Maybe there's a wrong configuration in my custom kernel.

Thank


----------



## DutchDaemon (Dec 2, 2010)

What *make* command did you use to build and install your kernel?


----------



## SirDice (Dec 3, 2010)

Yeah, I'm guessing mike99 forgot to specify his custom kernel.

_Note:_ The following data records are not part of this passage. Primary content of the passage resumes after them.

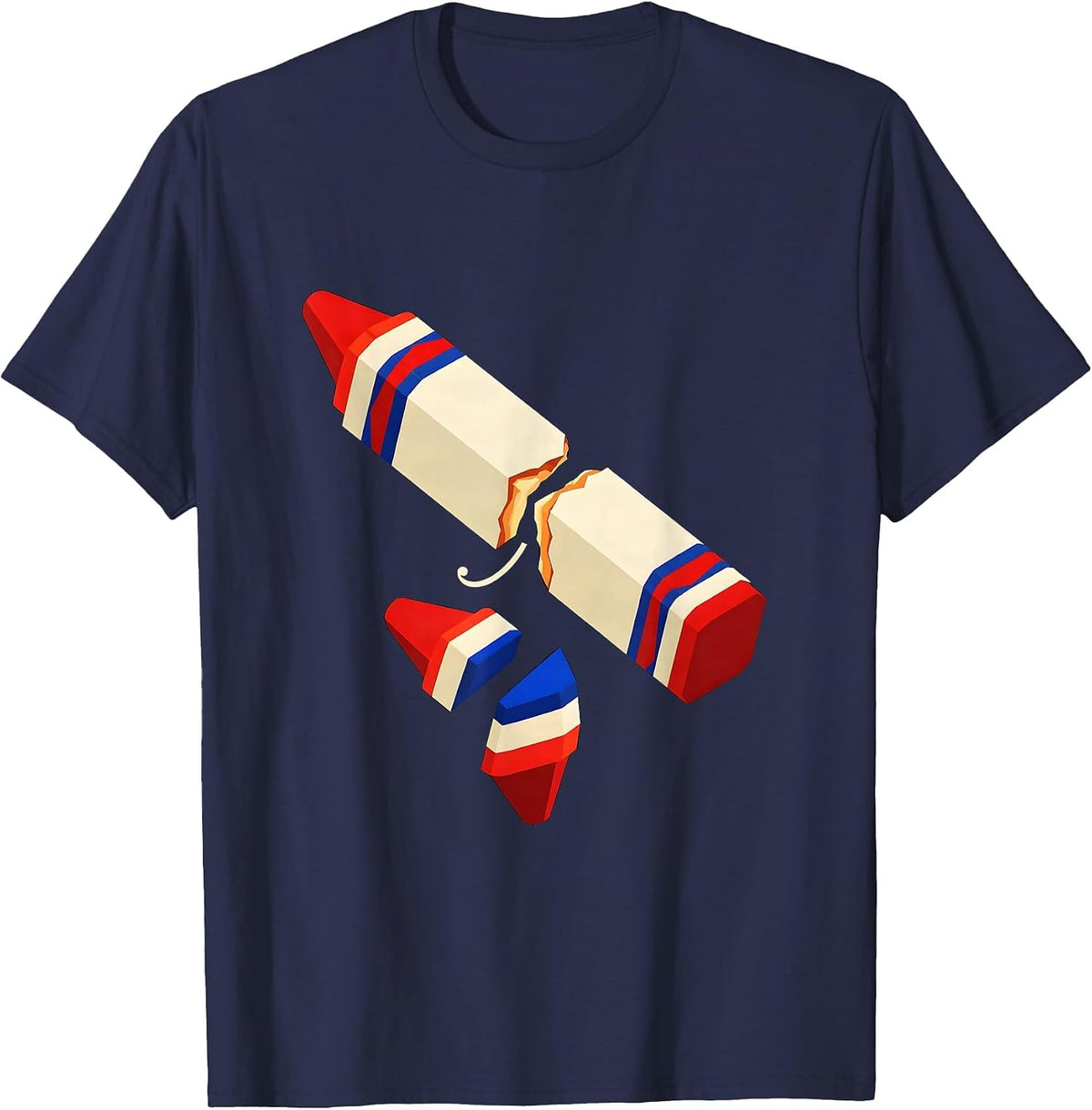 Broken Crayons Still Color Mental Health Awareness Support T-Shirt - Navy Blue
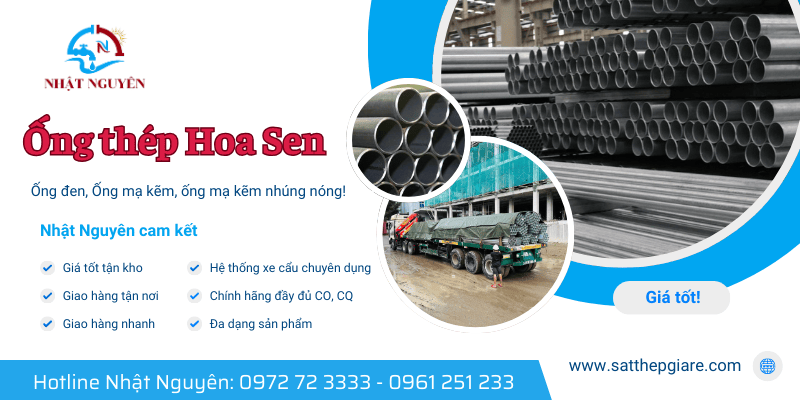 Ống thép Hoa Sen chính hãng giá tốt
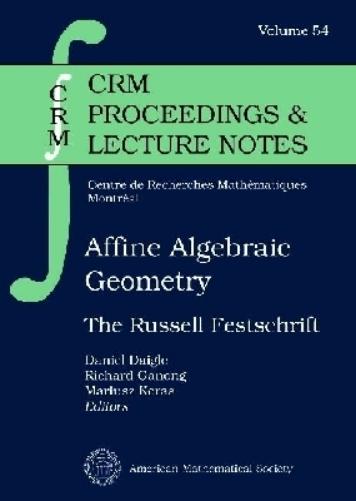 Affine Algebraic Geometry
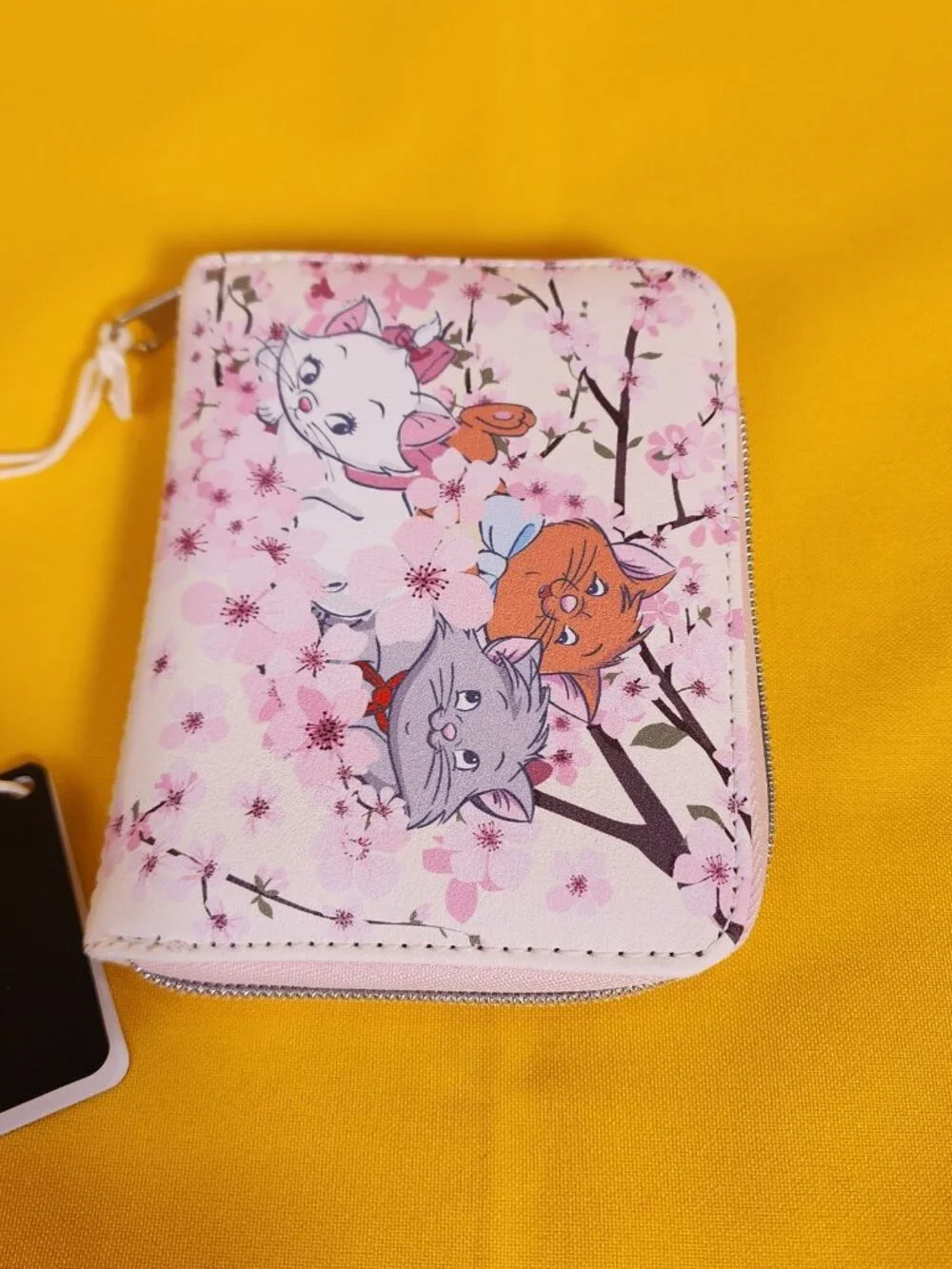 Loungefly Disney The Aristocats Kittens Cherry Blossom Marie Zip Wallet NEW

Chapter 8 Configuring the FreeBSD Kernel


----------



## mike99 (Dec 3, 2010)

I already read the doc to try to find my error without succes. Here what I have done, I maked a copy of generic and edited it. I posted my config on the first post. Then only change I made after posting it is the ident.

The procedure I used :
changed directory for "/usr/src"
To compile it, "make buildkernel KERNELCONF=FIREWALL"
once it done, to install it, "make installkernel KERNELCONF=FIREWALL"
after everything is install, I reboot the server with "reboot"

I've done it maybe 5 times and everytime, when I boot, I still have the GENERIC kernel.


----------



## DutchDaemon (Dec 3, 2010)

It's *KERNCONF*, not *KERNELCONF*.


----------



## mike99 (Dec 4, 2010)

x(

Your right, everything went fine with KERNCONF instead of KERNELCONF. It's strange that instead of giving me a error, it was building and installing GENERIC. Anyway, I now have my custom kernel with only the devices I need and ALTQ.

Thank a lot.


----------



## kpa (Dec 4, 2010)

Nothing strange there. It's not an error to specify variables that are not used in the Makefile(s) on make(1)'s command line.


----------